[Captioned web images]
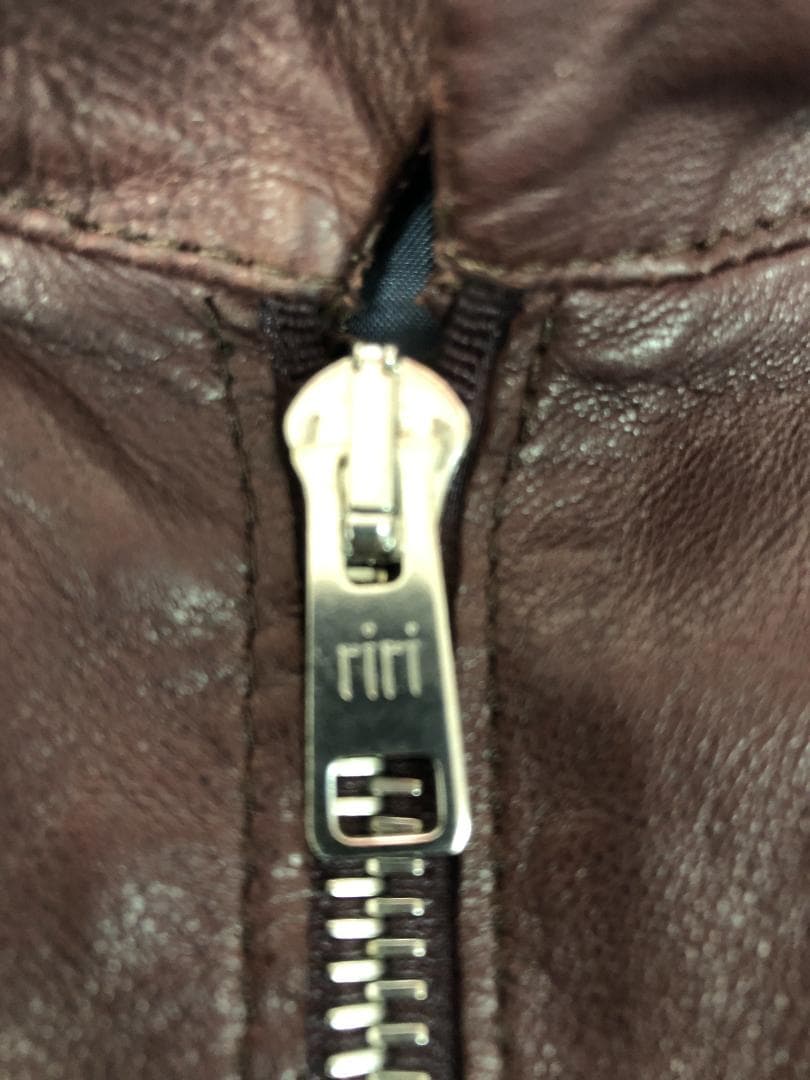 N192　Paul Smith ポールスミス　 ジャケット　羊革　Mサイズ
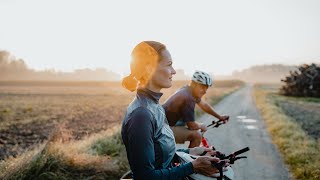 Cycling Region Danube Upper Austria [upl. by Trimble]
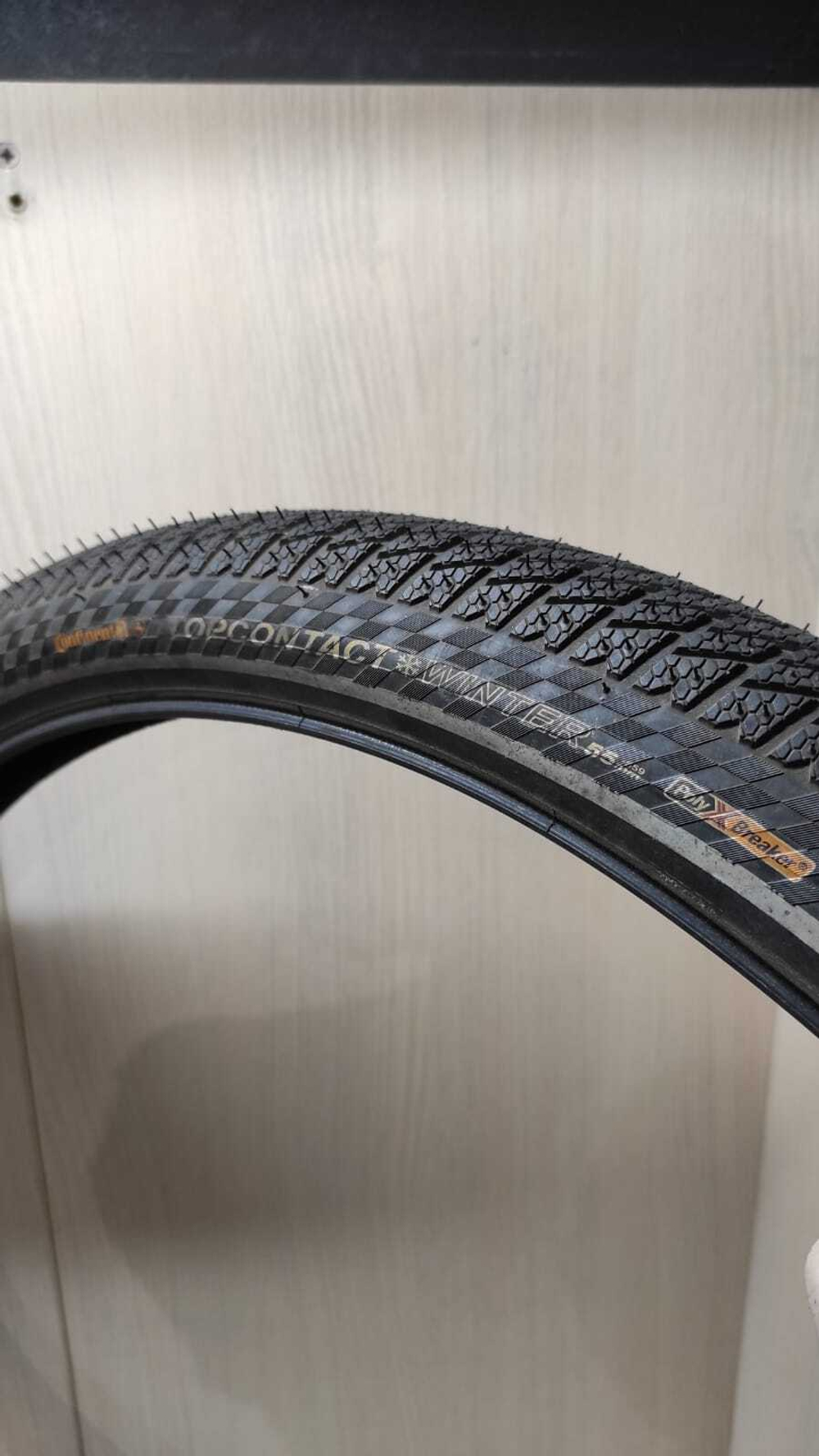 Continental top top contact 26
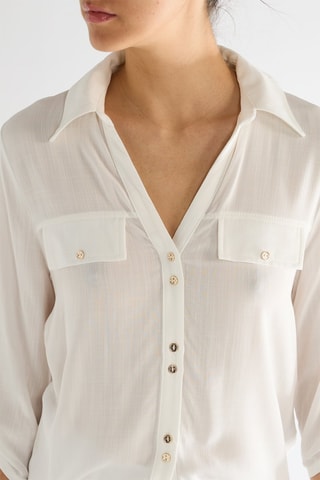 Blouse - Blanc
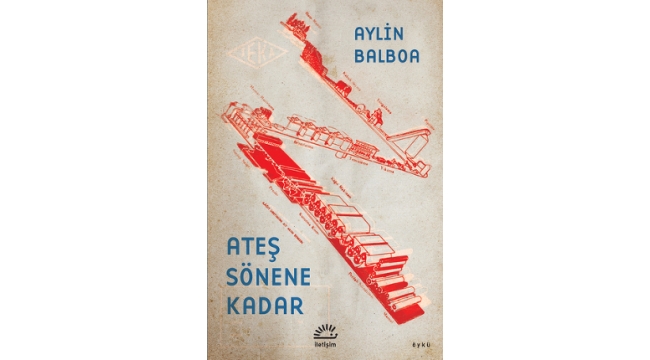 Aylin Balboa'dan yeni öykü kitabı: "Ateş Sönene Kadar"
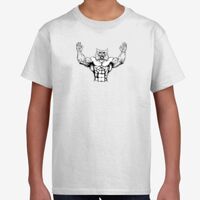 Youth Ultra Cotton® 6 oz. T-Shirt Thumbnail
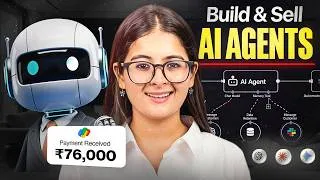 Thumbnail: How Students Are Making Money with AI Agents in 2026 | AI Voice Agent Crash Course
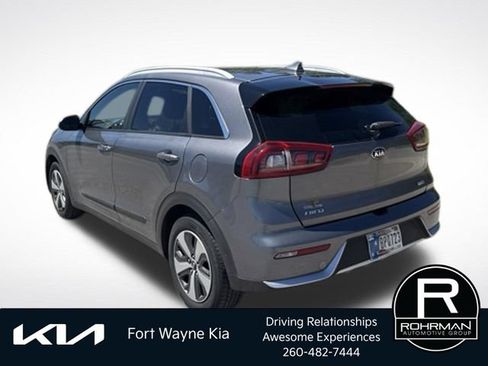 Used 2018 Kia Niro LX FWD image 3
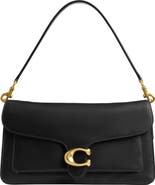 COACH Tabby 36 Leather Shoulder Bag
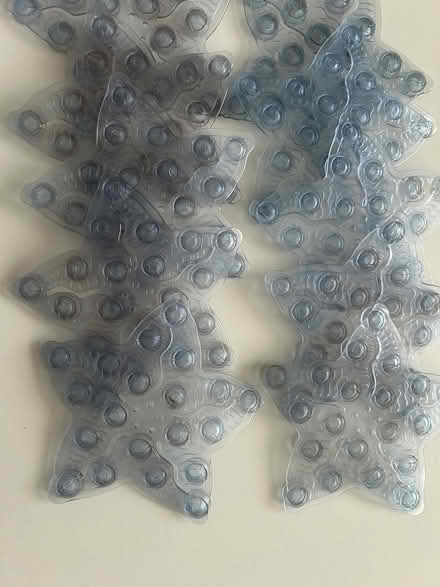 Photo of free Non-Slip Bath/Shower Stars (Ham TW10) #1
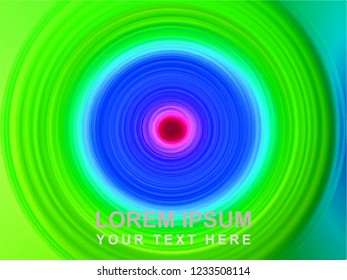 abstract geometric texture | trendy blurred background | gradient pattern | motion wallpaper | swirl illustration for theme,interior,artwork or decorative design
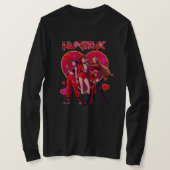K-pop long sleeve shirt  (Design vorne)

Work order>
Output every line above exactly as it stands, and drop any picture.

Result>
 N192　Paul Smith ポールスミス　 ジャケット　羊革　Mサイズ
 Cycling Region Danube Upper Austria [upl. by Trimble]
 Continental top top contact 26
 Blouse - Blanc
 Aylin Balboa'dan yeni öykü kitabı: "Ateş Sönene Kadar"
 Youth Ultra Cotton® 6 oz. T-Shirt Thumbnail
 Thumbnail: How Students Are Making Money with AI Agents in 2026 | AI Voice Agent Crash Course
 Used 2018 Kia Niro LX FWD image 3
 COACH Tabby 36 Leather Shoulder Bag
 Photo of free Non-Slip Bath/Shower Stars (Ham TW10) #1
 abstract geometric texture | trendy blurred background | gradient pattern | motion wallpaper | swirl illustration for theme,interior,artwork or decorative design
K-pop long sleeve shirt  (Design vorne)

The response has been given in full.